Halfway through Donald Trump’s first term, it’s getting easier to piece together an account of how his policies are supposed to drive economic growth.
And the economy is, in fact, expanding pretty fast — but not necessarily for the reasons Trump said it would. The president promised to squeeze more American growth out of businesses and foreigners. Instead it’s the government, deploying its balance sheet via deficit-spending, that’s doing the work.
The theoretical version of how Trumponomics would succeed might look something like this: After inheriting the most lopsided US recovery of modern times, in which households contributed a record share, Trump would summon reinforcements from two directions.
First, he’d get tough with US counterparties, friend or foe — reducing the drag from trade, and maybe even turning it to a plus. Second, he’d revive the long-dormant enthusiasm for investing among American companies, by lowering their tax burden (as well as slapping tariffs on their foreign rivals.)
It hasn’t quite worked out that way.
Neither foreigners nor business investment have come to the rescue. Trade cut into the expansion by the most in more than 30 years last quarter. Corporate spending on plant and equipment unexpectedly fell in November, according to data published on Friday, and it’s been essentially flat as a component of growth.
Trump’s policies could deliver gains in those areas over the longer run. The latest numbers on business investment were disappointing, but it’s early to judge the effects of Trump’s fiscal policy, said Stephen Moore, co-author of the recent book ‘Trumponomics’ and an adviser to Trump in 2016. “I totally reject this idea that the economy is on a sugar high,” he said. “The tax cuts are just kicking in.”
But right now, the motor is fiscal loosening.
Under Trump, spending has picked up sharply, while tax cuts eroded revenue. The result is budget shortfalls that are almost unprecedented during an upswing, like the one just announced for November — and an American economy that’s growing in tandem with the deficit.

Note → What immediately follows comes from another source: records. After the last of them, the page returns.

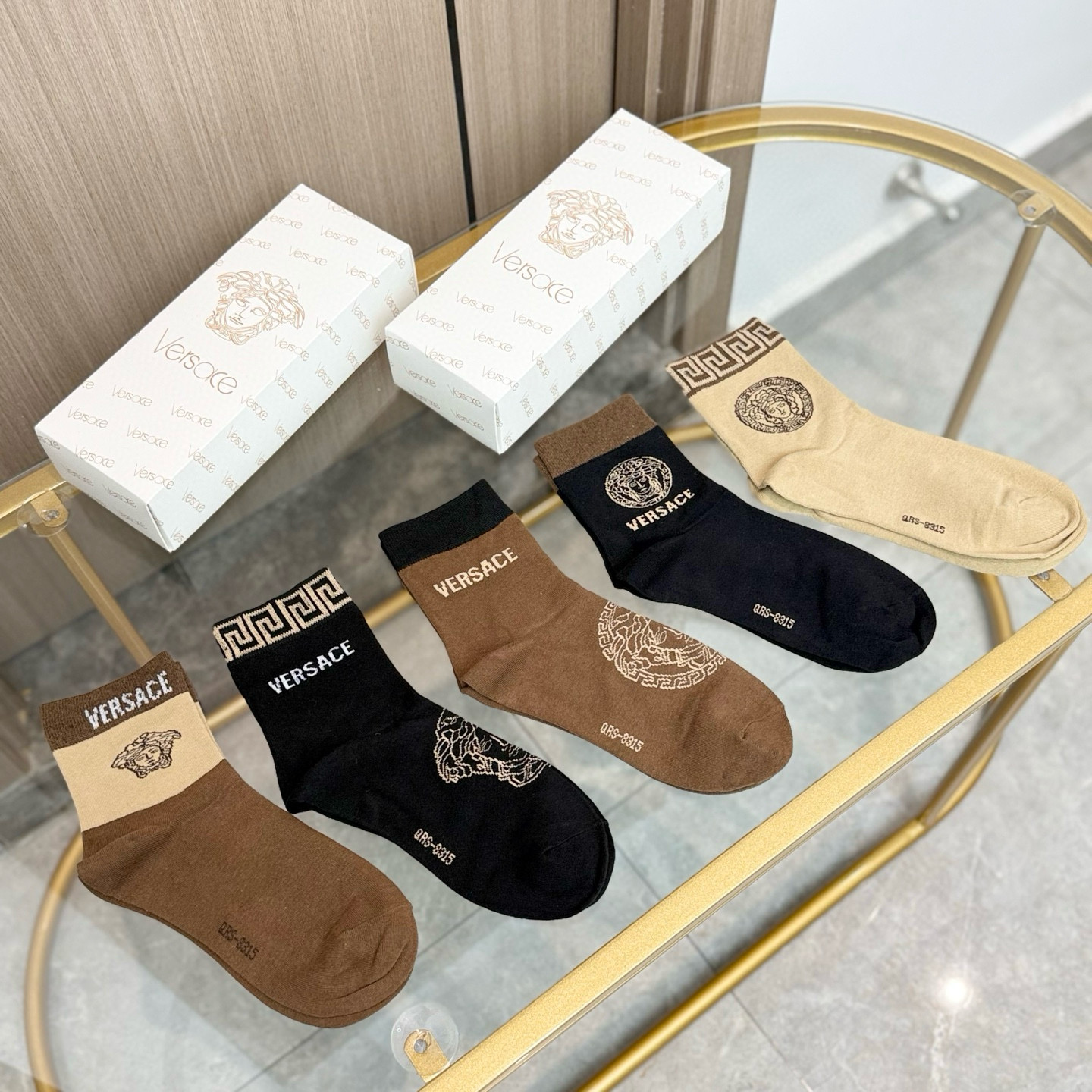 NO:584861,Comes with packaging [five pairs in a box] European and American big-name Versace, great-looking European and American big-name mid-calf socks for men, a must-have counter-purchase quality short-tube socks for trendy people, super high-end style when paired with them, extremely fashionable~~ Recommended, recommended, recommended~~ A must-have fashionable item!  !  !  socks,stockings,socks,versace,socks19860909配包装【一盒五双】欧美大牌 范思哲 好看到爆炸欧美大牌中筒袜男款潮人必不能少的专柜代购品质 短筒袜子 ,搭配起来超高逼格 时髦度爆表啊啊啊啊～～推荐推荐推荐～～必入时髦小单品！！！袜子,丝袜,袜子,versace,socks,accessory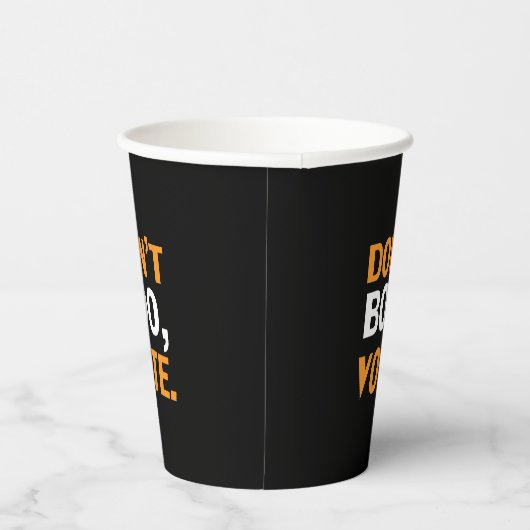 "Boo nicht, vote" schwarz-orange weißes Halloween Pappbecher (Rechts)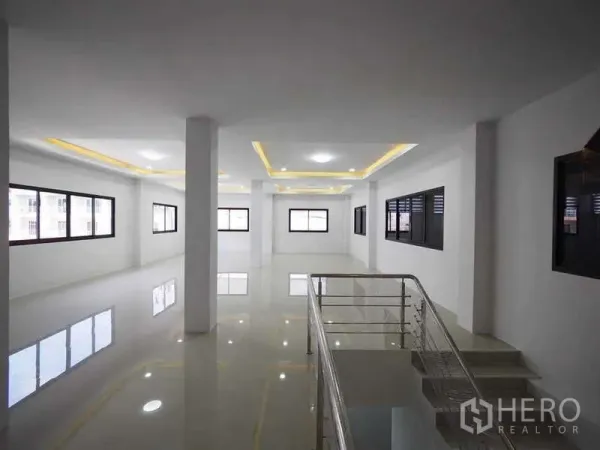货栈 出租或出售在Krathum Baen, Samut Sakhon - 明亮的楼上办公室，亮面地砖、大窗与楼梯扶手。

If the Trump trajectory sounds familiar, it should. Ronald Reagan also talked about getting the government out of the way — while running up large deficits, and spending more federal cash (as a share of the economy) than any US president since the immediate aftermath of the Second World War.
Most economists say that Trump’s deficit-spending is unnecessary while the economy is doing well, and will store up problems by blowing up the US national debt. That’s been a widespread view among politicians too. But there’s a growing number of dissidents.

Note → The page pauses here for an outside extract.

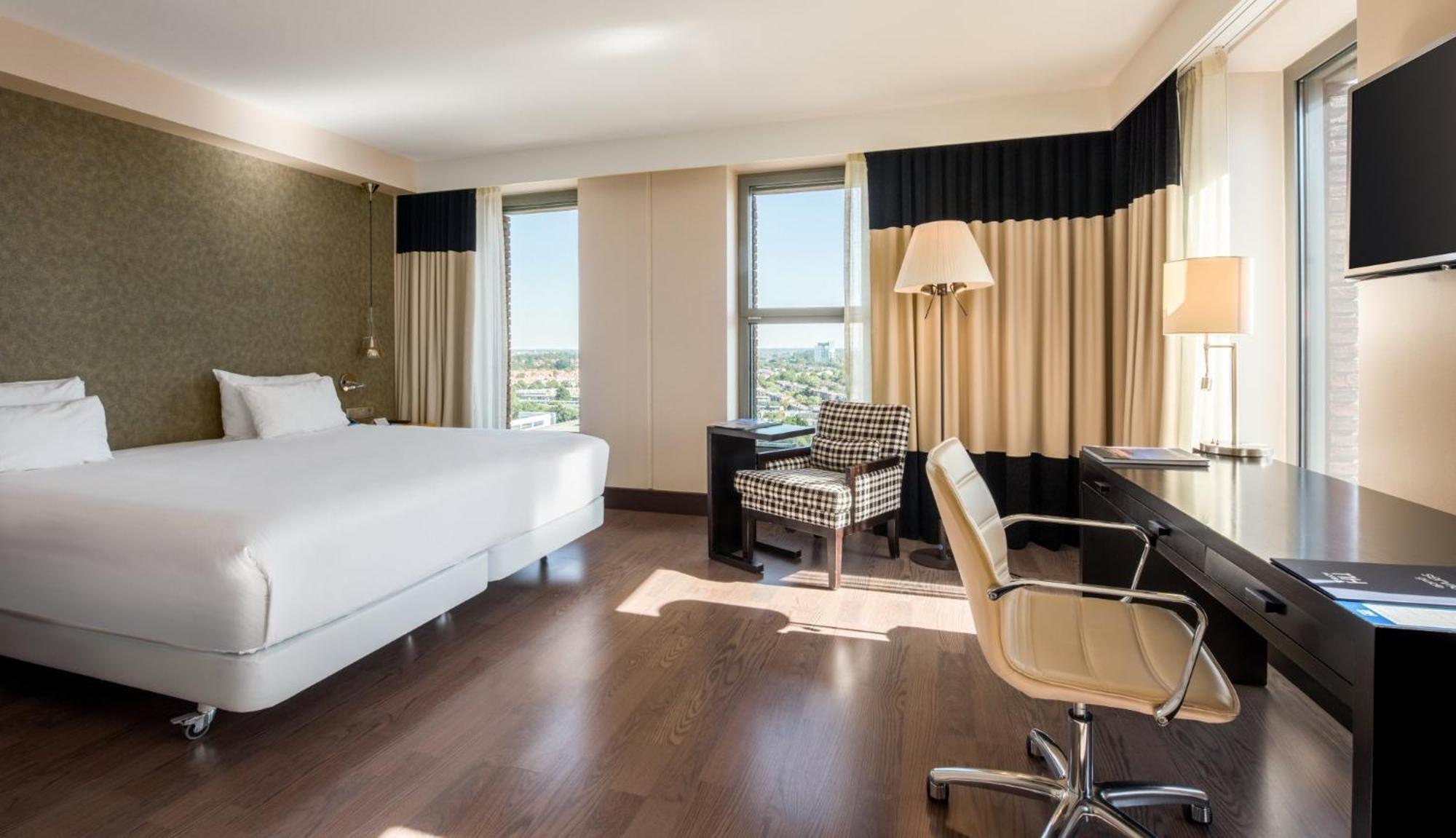 Hotel Nh 4*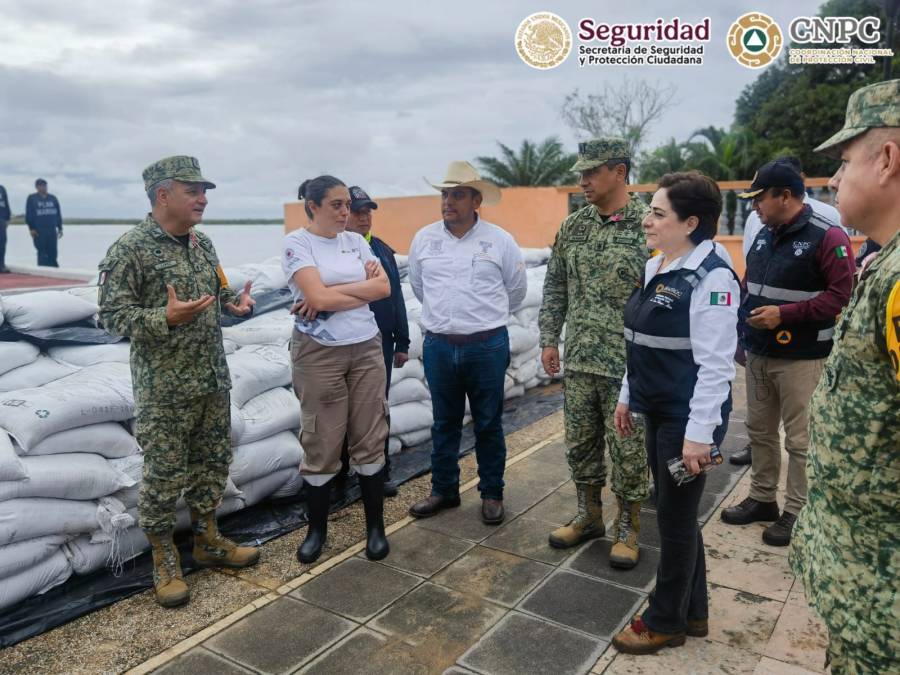 Coordinación Nacional de Protección Civil intensifica apoyo en zonas afectadas por onda tropical en Veracruz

The incoming Congress will feature a bloc of left-wing Democrats who have no real problem with the size of Trump’s deficits (though they’d distribute the proceeds very differently, backing universal health care or free college over military spending and tax cuts for the rich). They’re spoiling for a fight with the party’s more fiscally conservative leadership — and they might even win it. America’s new left, like Trump, has little appetite for belt-tightening.
‘King of Debt’
Also gaining traction is a school of economics known as ‘Modern Monetary Theory’, which argues that governments borrowing in their own currencies can’t go bust.

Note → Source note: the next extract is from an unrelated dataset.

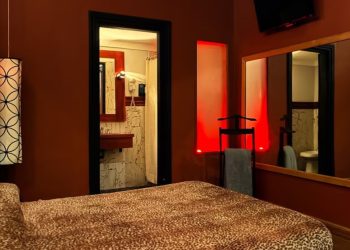 Hallaron a un hombre con un tiro en la nuca dentro de un hotel alojamiento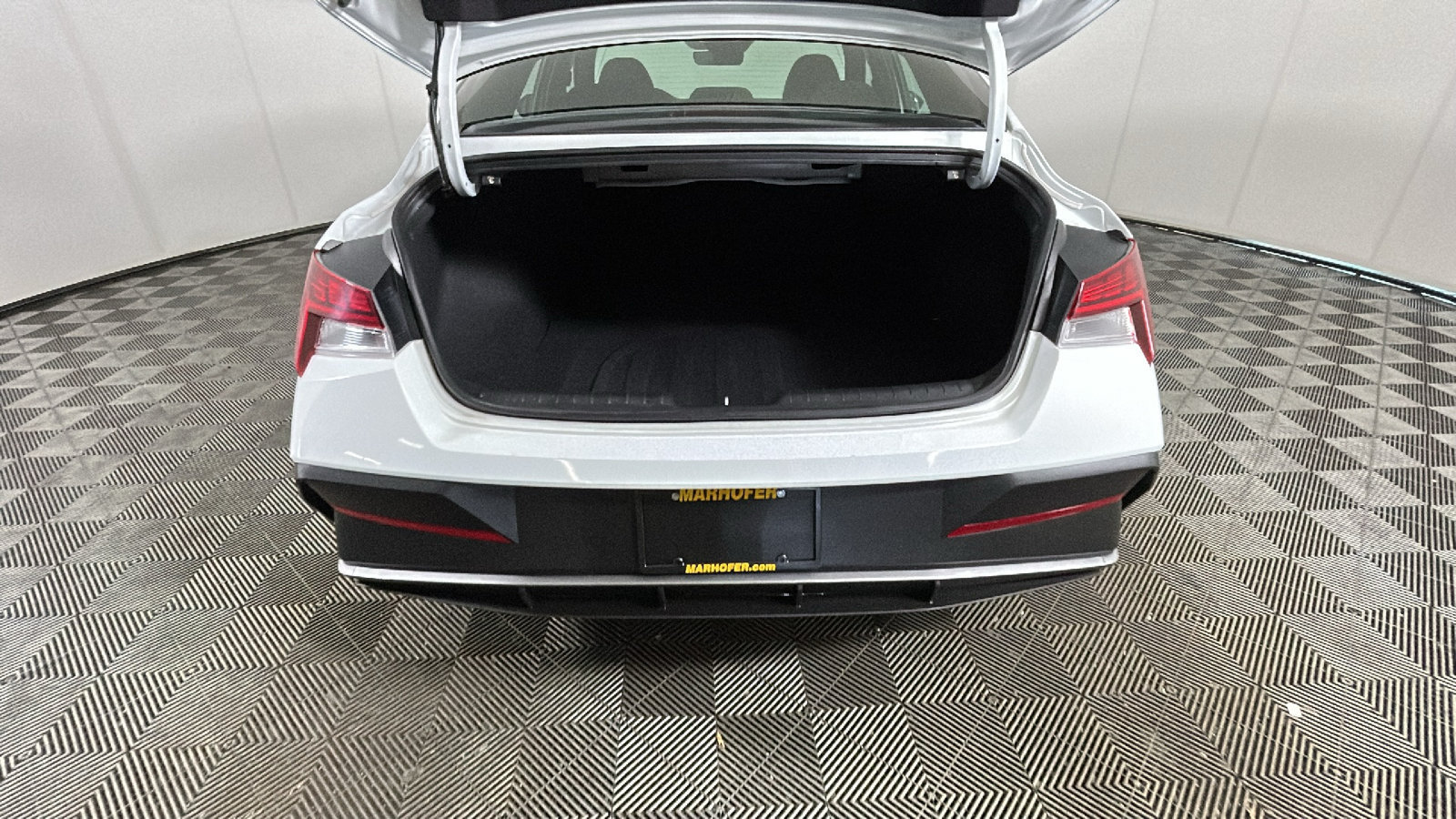 Used 2025 Hyundai Elantra SEL FWD image 32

The US can always create dollars to pay its dollar creditors, they say, so the only risk of too much government debt is inflation. It’s more dangerous when households and companies go on a borrowing spree — as they did in the years before private debt crashed the economy in 2008.
In the decade since then, American’s public debt has ballooned — without much immediate or obvious damage. There’s little sign right now of a surge in prices, or red flags in Treasury markets.
Trump says he presides over the best economy ever. He doesn’t dwell much on its underpinnings in fiscal deficits, devoting more time to explaining how he’ll boost trade and business. Still, the president who once called himself the “king of debt” is probably aware that borrowing costs for his government, by historical standards, remain cheap.